The SQL code is divided into four main parts, each focusing on a specific aspect of the COVID-19 data. Here is a brief explanation of each part along with the key questions addressed:
-
Data Overview (
00_COVID_Data_Overview.sql):- Provides a general visualization of the two tables in the COVID-19 dataset.
-
Brazilian Data (
01_Brazil_Data_Analysis.sql):- Analyzes temporal trends of COVID-19 cases, testing and vaccination in Brazil.
- Key Questions:
- Q1: How has the likelihood of contracting COVID in Brazil evolved?
- Q2: After contracting COVID, how has the likelihood of death evolved in Brazil?
- Q3: How has the number of vaccinations evolved in Brazil?
- Q4: Does vaccination impact the number of deaths per 100 cases in Brazil?
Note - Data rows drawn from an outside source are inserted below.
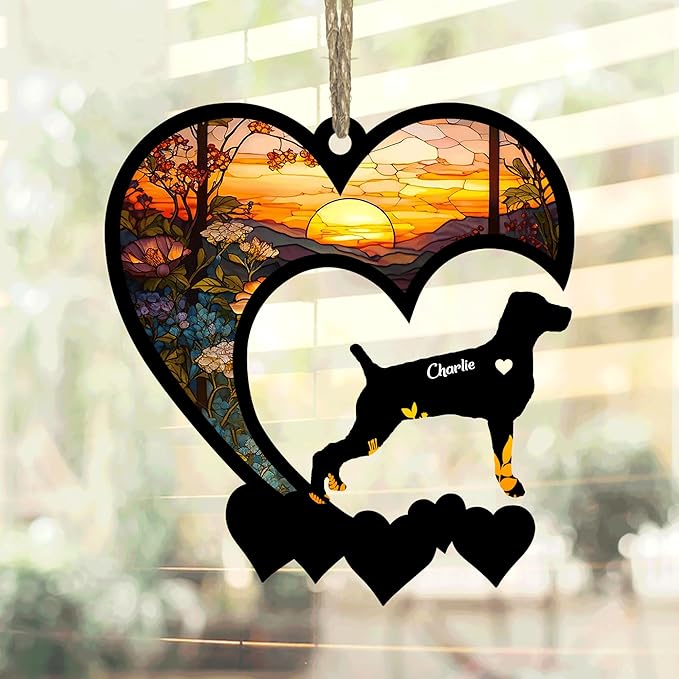 Lovely POD Weimaraner Suncatcher Ornaments, Personalized Weimaraner Memorial with Name, Dogs Loss Ornaments, Dog Remembrance Gift, Dog Memory Ornament, Loss of Dogs Sympathy Gifts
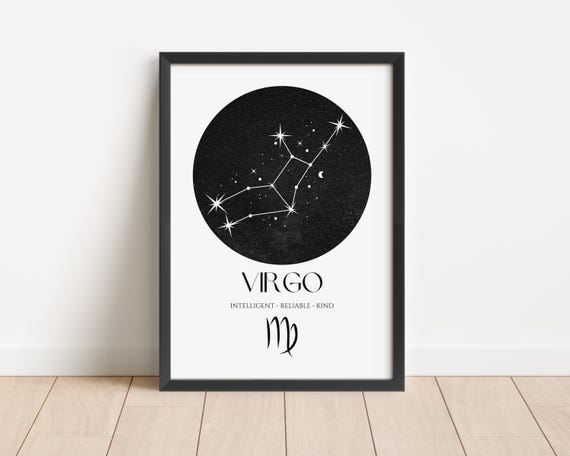 Virgo Print Zodiac Star Sign Print Astrology Constellation Print Star Sign Print Astrology Wall Decor Horoscope Print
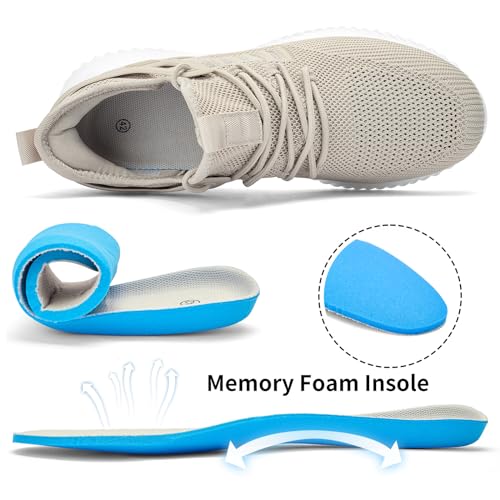 Image of Akk Mens Sneakers Tennis Shoes - Slip on Memory Foam Walking Shoes for Athletic Running Workout Gym Jogging Indoor Outdoor Lightweight Breathable Casual Sneakers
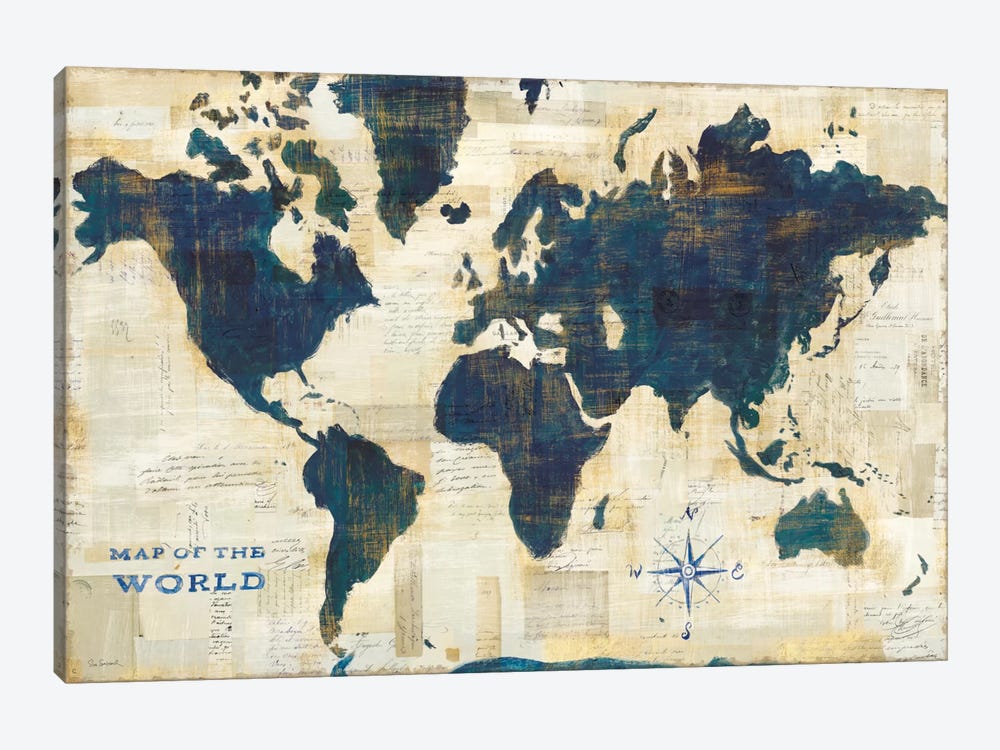 World Map Collage by Sue Schlabach 1-piece Canvas Print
- Q5: Does vaccination impact the number of new cases reported in Brazil?
-
World Data (
03_World_Data_Analysis.sql):- Analyzes temporal trends of COVID-19 cases in the world.
- Key Questions:
- Q1: What are the countries with the highest infection rate by population?
- Q2: What are the countries with the highest death count?
- Q3: What are the countries with the highest death rate by population?
- Q4: Which continent has the highest death count?
- Q5: What is the global death percentage over infect cases?
-
Metric Comparison (
03_Vaccination_Data_Analysis.sql):- Gain insights into the global patterns of COVID-19 vaccination.
- Key Questions:
- Q1: How are new vaccines concentrated in the pandemic across the world?
- Q2: How have vaccination numbers evolved in the world?
- Q3: Which countries have the highest number of vaccines applied per capita?
The "queries-results.pdf" file provides a comprehensive overview of the findings derived from the COVID-19 data analysis. The document presents the answers for the questions outlined in the README file, based on visualizations and charts generated through Snowflake queries and tools.
- Create a free trial Snowflake account if you don't have one.
- Download the COVID data from Our World in Data.
- Create the database inside Snowflake with two tables as described in the
schemas.mdfile. - Execute the SQL code for the desired analysis.
- Review the results and visualizations generated by the queries.
Feel free to customize the queries or adapt the code to meet specific analysis requirements.
This dataset has a lot of potential data for future and further data analysis, for example:
- Investigate the correlation between various socioeconomic factors and health outcomes related to COVID-19.